Juru Bicara Kemenperin, Febri Hendri Antoni Arief, mengungkapkan bahwa sekitar 24% struktur bahan baku industri nasional masih berasal dari impor. Ketergantungan ini menjadi kerentanan utama ketika Rupiah melemah. Untuk mengatasi hal tersebut, Kemenperin menekankan pentingnya perluasan penggunaan skema Local Currency Transaction (LCT). Melalui LCT, transaksi impor bahan baku tidak lagi sepenuhnya harus menggunakan Dolar AS, melainkan dapat menggunakan mata uang lokal yang disepakati kedua belah pihak. Hal ini diharapkan dapat mengurangi tekanan terhadap industri akibat pelemahan Rupiah.

"Struktur input industri, terutama struktur bahan baku, 24% itu impor. Nah, kita juga selain krisis di Selat Hormuz, juga saat ini mengalami pelemahan nilai tukar Rupiah. Dengan struktur bahan baku 24% dari impor itu, strategi ke depan kita akan coba menghimbau industri untuk tetap menggunakan fasilitas LCT, Bank Indonesia," ujar Febri dalam rilis Indeks Kepercayaan Industri di Kantor Kemenperin, Jakarta, Selasa (26/5/2026).

Data dari Bloomberg menunjukkan tren penguatan Dolar AS terhadap Rupiah, dengan nilai tukar mendekati level Rp 17.800. Penguatan ini semakin memperparah beban industri yang masih banyak bertransaksi dalam Dolar AS. Dengan skema LCT, importir dapat melakukan pembelian barang dari luar negeri tanpa harus menggunakan Dolar AS, melainkan menggunakan mata uang lokal yang disepakati. "Jadi pembelian bahan baku oleh industri, oleh importir yang memasok bahan baku ke industri, itu tidak menggunakan dolar, tapi menggunakan mata uang lokal," jelas Febri.

Baca Juga :  Strategi BRI dan BRI Life Optimalkan Pengelolaan Kekayaan Nasabah

Selain mendorong penggunaan LCT, Kemenperin juga meminta pelaku industri untuk melakukan diversifikasi sumber bahan baku impor. Perubahan sumber bahan baku dari negara lain menjadi penting untuk mengurangi risiko gangguan rantai pasok global, terutama di tengah ketidakpastian global dan tensi di kawasan strategis seperti Selat Hormuz. Diversifikasi ini diharapkan dapat menciptakan ketahanan yang lebih baik terhadap gejolak eksternal.

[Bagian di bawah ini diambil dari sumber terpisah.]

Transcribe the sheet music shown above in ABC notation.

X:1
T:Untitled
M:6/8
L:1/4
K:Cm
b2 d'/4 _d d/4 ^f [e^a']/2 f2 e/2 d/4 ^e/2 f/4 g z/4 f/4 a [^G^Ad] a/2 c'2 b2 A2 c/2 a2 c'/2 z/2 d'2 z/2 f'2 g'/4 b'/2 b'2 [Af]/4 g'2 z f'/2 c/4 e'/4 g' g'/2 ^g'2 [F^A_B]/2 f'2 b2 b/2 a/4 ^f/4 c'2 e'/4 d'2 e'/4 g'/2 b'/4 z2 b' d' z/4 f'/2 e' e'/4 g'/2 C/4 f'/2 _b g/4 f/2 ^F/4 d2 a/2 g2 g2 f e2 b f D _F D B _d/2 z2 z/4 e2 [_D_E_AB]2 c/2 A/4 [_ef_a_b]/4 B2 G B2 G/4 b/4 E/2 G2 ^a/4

Lebih lanjut, Febri juga secara tegas mendorong investor untuk membangun fasilitas produksi bahan baku di dalam negeri. Kemenperin melihat kondisi pelemahan Rupiah dan ketidakpastian global sebagai momentum yang tepat untuk memperkuat industri substitusi impor di Indonesia. Dengan adanya fasilitas produksi lokal, ketergantungan pada impor bahan baku dapat dikurangi secara drastis, menciptakan nilai tambah di dalam negeri, dan mengurangi kerentanan industri terhadap fluktuasi nilai tukar. "Atau juga pada investor kami sampaikan, ini lah saatnya bagi investor untuk membangun, berinvestasi di Indonesia untuk membangun fasilitas produksi yang memproduksi substitusi bahan baku impor," tutup Febri. Langkah-langkah strategis ini diharapkan dapat memulihkan dan memperkuat daya saing industri nasional di tengah tantangan ekonomi global.